Whether it’s a home, an office or a hospital, few changes have the decorative bang-for-your-buck of paint.

With innovative and sophisticated trends gaining traction, and paints themselves becoming easier to use and more streamlined in their applications, right now is something of a heyday for anyone picking up a roller to transform a space.

Ideas spoke to industry experts to find out what’s trending, what’s new and what’s just on the horizon, when it comes to paint. Here’s what they had to say.

Photos courtesy of Sherwwin-Williams

Subtle, Sophisticated Style

Sue Wadden, Director of Color Marketing for Sherwin-Williams, notes consumers are open to experimenting with paint to get a versatile, tone-on-tone style. “Combiinations of finishes, like flat and satin, are interesting when it comes to techniques like stripes or stencils,” says Wadden. “You can achieve a very sophisticated look with one colour and multiple finishes. It’s much subtler than using two colors.”

Curated for Different Markets

These days, manufacturers are working to make life easier for consumers, tailoring paint lines for specific settings.

“Sherwin-Williams has released specifically curated palettes for different markets—new residential, commercial, multi-family, healthcare, hospitality and education— which are a practical resource when selecting paint colours for a project,” says Wadden. “Each palette offers the best of the latest colour trends combined with insights on the needs and attributes of each market segment.”

Low/No VOC in All Types of Paint

While low- and no-VOC paint options aren’t new, government regulations as well as growing consumer demand for the products means they’re more widely available than ever. “Initially, the technology was introduced in just top-quality, high-end paint and that trend is now moving into more mid-tier and even entry-level paint,” says David Machum, Senior Marketing Manager, PPG Canada.

Durability, Longevity

Low VOC isn’t the only area of technological innovation. Paint manufacturers continue to make paint easier to clean and maintain. “Our Emerald Urethane Trim Enamel is a great product for trim and doors for both interiors and exteriors because it’s very durable for high-traffic surfaces, goes on in a smooth uniform finish, and resists yellowing,” say Wadden.

Photo courtesy of PPG Canada

Paint Because You Want to, Not Because you Need to

That can have its downsides, too. Paint has become so durable, people don’t need to repaint as often as they did just a decade or so ago. That’s why current marketing efforts focus on the transformative powers of paint, and how a few days’ work can revitalize an entire room.

All of the major paint companies spend months, even a year, attending all the design shows, studying influences and trends, and keeping an eye on art, fashion, the business world and politics. Then they interpret all of that information, distilling how it applies to design, to capture and reflect a mood.
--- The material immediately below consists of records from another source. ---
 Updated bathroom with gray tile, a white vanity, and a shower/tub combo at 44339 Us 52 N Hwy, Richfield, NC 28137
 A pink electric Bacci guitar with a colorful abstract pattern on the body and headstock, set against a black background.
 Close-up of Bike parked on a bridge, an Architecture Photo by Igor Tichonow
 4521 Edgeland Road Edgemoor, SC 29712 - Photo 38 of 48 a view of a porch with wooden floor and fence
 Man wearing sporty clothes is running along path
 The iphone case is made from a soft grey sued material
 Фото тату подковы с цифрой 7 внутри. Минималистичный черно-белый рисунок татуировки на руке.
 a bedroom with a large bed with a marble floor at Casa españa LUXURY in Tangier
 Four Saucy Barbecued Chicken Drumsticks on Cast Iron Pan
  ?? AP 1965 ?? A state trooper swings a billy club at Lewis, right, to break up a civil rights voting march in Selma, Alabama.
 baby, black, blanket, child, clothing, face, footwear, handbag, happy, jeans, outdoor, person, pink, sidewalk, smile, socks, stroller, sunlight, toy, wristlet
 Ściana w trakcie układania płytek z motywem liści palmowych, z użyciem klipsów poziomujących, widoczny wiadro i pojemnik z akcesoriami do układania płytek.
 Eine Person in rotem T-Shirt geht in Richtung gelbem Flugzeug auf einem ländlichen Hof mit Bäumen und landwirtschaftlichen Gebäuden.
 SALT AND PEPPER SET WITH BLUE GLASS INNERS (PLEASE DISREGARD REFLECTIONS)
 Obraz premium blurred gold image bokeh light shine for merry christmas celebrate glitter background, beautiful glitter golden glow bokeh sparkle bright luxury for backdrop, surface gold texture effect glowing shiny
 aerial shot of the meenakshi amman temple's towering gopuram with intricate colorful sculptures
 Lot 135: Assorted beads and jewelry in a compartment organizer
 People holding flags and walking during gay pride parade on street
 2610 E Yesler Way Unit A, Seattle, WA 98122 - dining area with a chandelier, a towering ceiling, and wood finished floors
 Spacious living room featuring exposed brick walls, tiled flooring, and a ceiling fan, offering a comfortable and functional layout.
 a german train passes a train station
Those colour teams then release their “colour of the year” for the coming year, in the fall.

Photos courtesy of Sherwwin-Williams

Who is Motivated to Paint?

“Traditionally, people paint around the time of life-changing events,” says Machum. “They paint their first apartment, their first house from top to bottom, paint the nursery when a baby is born, and then as you get older, those life events happen less frequently.”

That’s where paint companies’ colour teams come in, working to inspire consumers to paint for the love of design and expression. “When they decide to paint,” says Machum, “We’re finding that as boomers get a little older they’re much more likely to hire someone to paint for them than to do it themselves, and that’s good news” for the industry overall.

What inspires older generations, though, isn’t necessarily working with today’s younger crowd. “Millennials aren’t really prioritizing the idea of painting,” says Machum. “When they do think of doing it, they’re looking to do it quickly, so that’s influencing trends again. The next big thing could be what we call one-coat paints.” That combination of paint and colour technologies could partner to create a product that could seriously streamline the process of painting. (A small downside of the technology is that, at the moment, the colour choice is somewhat limited. “I would say paint and primer is passé,” says Machum. “The focus now is on trying to come up with the best one-coat paints.”

Photo courtesy of PPG Canada

What’s Next?

Beyond one-coat paints, experts are innovating to make it even easier to play with colour and transform a space.  “That’s one thing we’re moving towards; how to simplify the painting process,” says Machum. “It might not just be the paint; it could be the application tools or something else, altogether.”

In the end, that’s good news for consumers and contractors, since it’s a safe bet that paint will never go out of style. A brand new-look for a room (or office building or hospital floor), is a reasonable investment for modest effort, and that’s a formula that’s bound to work, one way or another, for generations to come.